De rolroeren heffen en laten de vleugels zakken. De piloot bestuurt de rol van het vliegtuig door het ene rolroer of het andere omhoog te brengen met een besturingswiel. Door het besturingswiel met de klok mee te draaien, wordt het rechter rolroer omhoog gebracht en wordt het linker rolroer verlaagd, waardoor het vliegtuig naar rechts rolt.

De roer werkt om de gier van het vliegtuig te beheersen. De piloot beweegt het roer naar links en rechts, met linker- en rechterpedalen. Door het rechter roerpedaal in te drukken wordt het roer naar rechts verplaatst. Dit giert het vliegtuig naar rechts. Samen gebruikt worden het roer en de rolroeren om het vliegtuig te laten draaien.

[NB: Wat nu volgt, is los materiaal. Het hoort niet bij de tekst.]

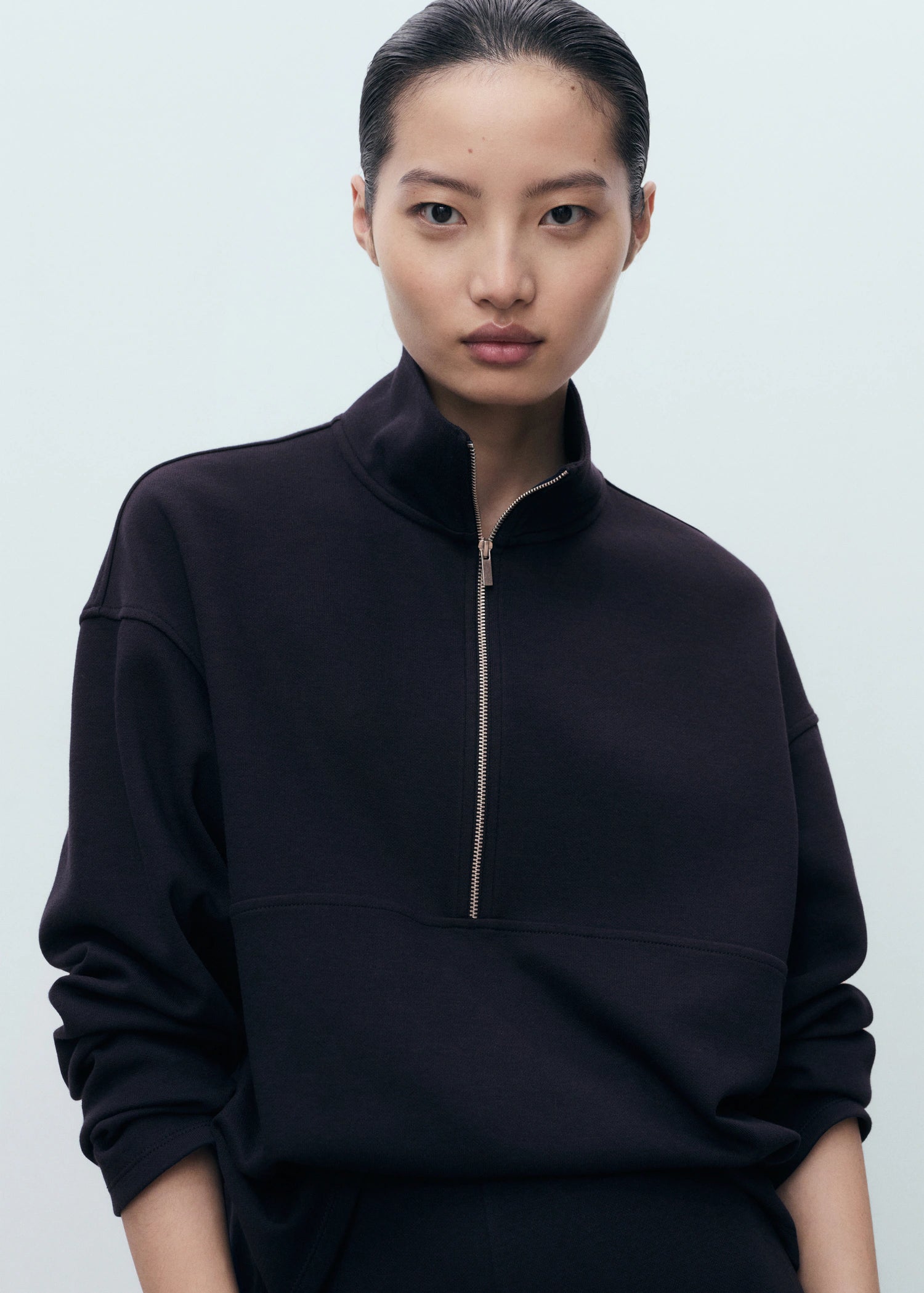 Turtleneck Sweatshirt With Zip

De piloot van het vliegtuig duwt op de bovenkant van de roerpedalen om deremmen. De remmen worden gebruikt wanneer het vliegtuig op de grond staat om het vliegtuig te vertragen en zich klaar te maken om het te stoppen. De bovenkant van het linker roer bedient de linkerrem en de bovenkant van het rechterpedaal de rechterrem.

De liften die zich op het staartgedeelte bevinden, worden gebruikt om de toonhoogte van het vliegtuig te regelen. Een piloot gebruikt een bedieningswiel om de liften omhoog en omlaag te brengen door deze naar voren en naar achteren te bewegen. Door de liften te laten zakken, gaat de neus van het vliegtuig naar beneden en kan het vliegtuig naar beneden gaan. Door de liften omhoog te brengen kan de piloot het vliegtuig omhoog laten gaan.

Geluid bestaat uit luchtmoleculen die bewegen. Ze duwen samen en komen samen om zich te vormen geluidsgolven. Geluidsgolven reizen met een snelheid van ongeveer 750 mph op zeeniveau. Wanneer een vliegtuig de geluidssnelheid aflegt, verzamelen de luchtgolven zich en persen de lucht voor het vliegtuig samen om te voorkomen dat het naar voren beweegt. Deze compressie veroorzaakt een schokgolf voor het vliegtuig.

Om sneller te kunnen reizen dan de geluidssnelheid, moet het vliegtuig de schokgolf kunnen doorbreken. Wanneer het vliegtuig door de golven beweegt, verspreiden de geluidsgolven zich en dit veroorzaakt een hard geluid of sonische boem. De sonische knal wordt veroorzaakt door een plotselinge verandering in luchtdruk. Wanneer het vliegtuig sneller dan geluid reist, reist het met supersonische snelheid. Een vliegtuig dat met de snelheid van geluid reist, reist met Mach 1 of ongeveer 760 MPH. Mach 2 is tweemaal de geluidssnelheid.